This Month in Open Source at Scrapinghub August 2016

Welcome to This Month in Open Source at Scrapinghub! In this regular column, we share all the latest updates on our open source projects including Scrapy, Splash, Portia, and Frontera.

If you’re interested in learning more or even becoming a contributor, reach out to us by emailing opensource@scrapinghub.com or on Twitter @scrapinghub.

OS-Scrapinghub

Scrapy

This past May, Scrapy 1.1 (with Python 3 support) was a big milestone for our Python web scraping community. And 2 weeks ago, Scrapy reached 15k stars on GitHub, making it the 10th most starred Python project on GitHub! We are very proud of this and want to thank all our users, stargazers and contributors!

What’s coming in Scrapy 1.2 (in a couple of weeks)?

  • The ability to specify the encoding of items in your JSON, CSV or XML output files
  • Creating Scrapy projects in any folder you want (not only the current one)

Scrapy Plugins

We’re moving various Scrapy middleware and helpers to their own repository under scrapy-plugins home on GitHub. They are all available on PyPI.
Many of these were previously found wrapped inside scrapylib (which will not see a new release).
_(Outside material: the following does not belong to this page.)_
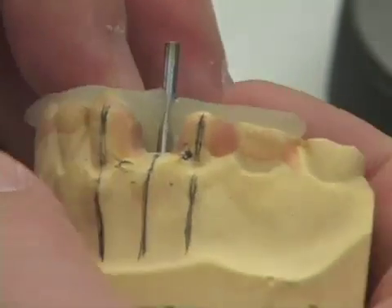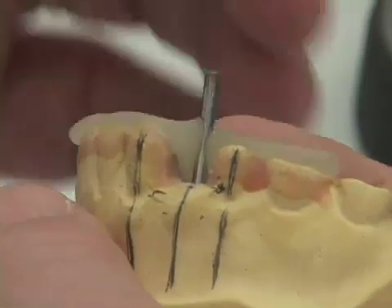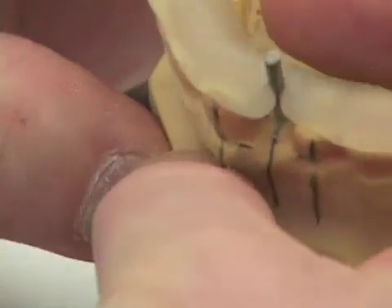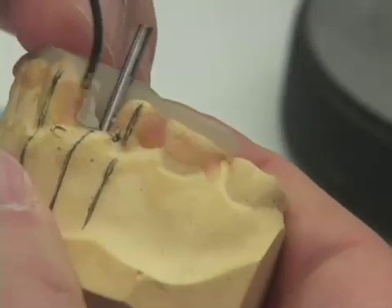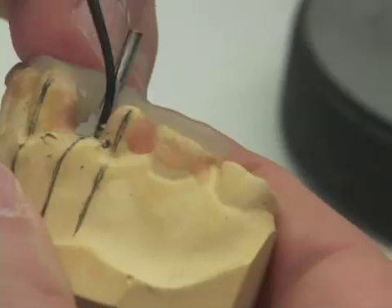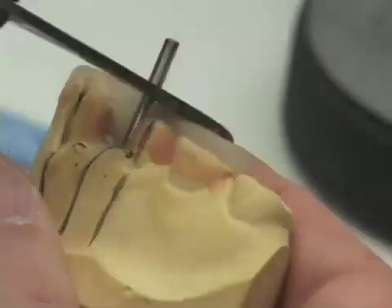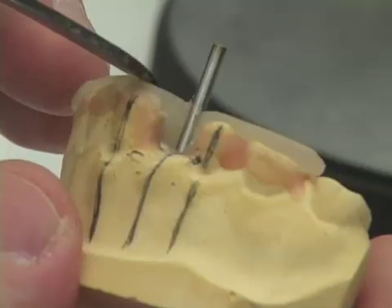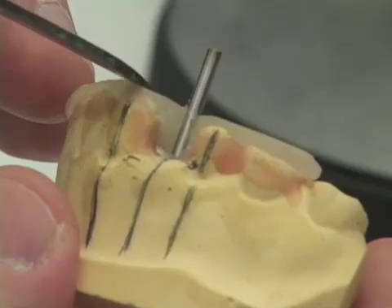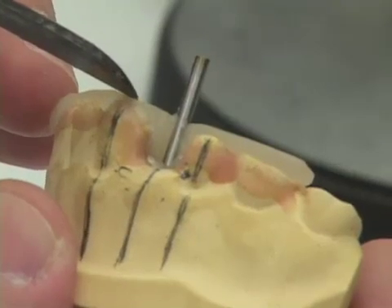One of the tools that's very nice for achieving this is the large Peter K. Thomas instrument. I take my finger and just brace the lingual aspect of my drill guide, and mold the triad material so that I'm sure it gets a real nice adaptation for the lingual 180 degrees of the drill blank. I don't want my surgical guide to be any taller than the teeth by more than one to one and a half millimeters at the most, preferably less.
Here are some of the newly released ones:

  • scrapy-querycleaner: used for cleaning up query parameters in URLs; helpful for when some of them are not relevant (you get the same page with or without them), thus avoiding duplicate page fetches.
  • scrapy-magicfields: automagically add special fields in your scraped items such as timestamps, response attributes, etc.

Libraries

Dateparser

In mid-June we released version 0.4 of Dateparser with quite a few parsing improvements and new features (as well as several bug fixes). For example, this version introduces its own parser, replacing dateutil’s one. However, we may converge back at some point in the future.

It also handles relative dates in the future e.g. “tomorrow”, “in two weeks”, etc. We also replaced PyYAML with one of its active forks, ruamel.yaml. We hope you enjoy it!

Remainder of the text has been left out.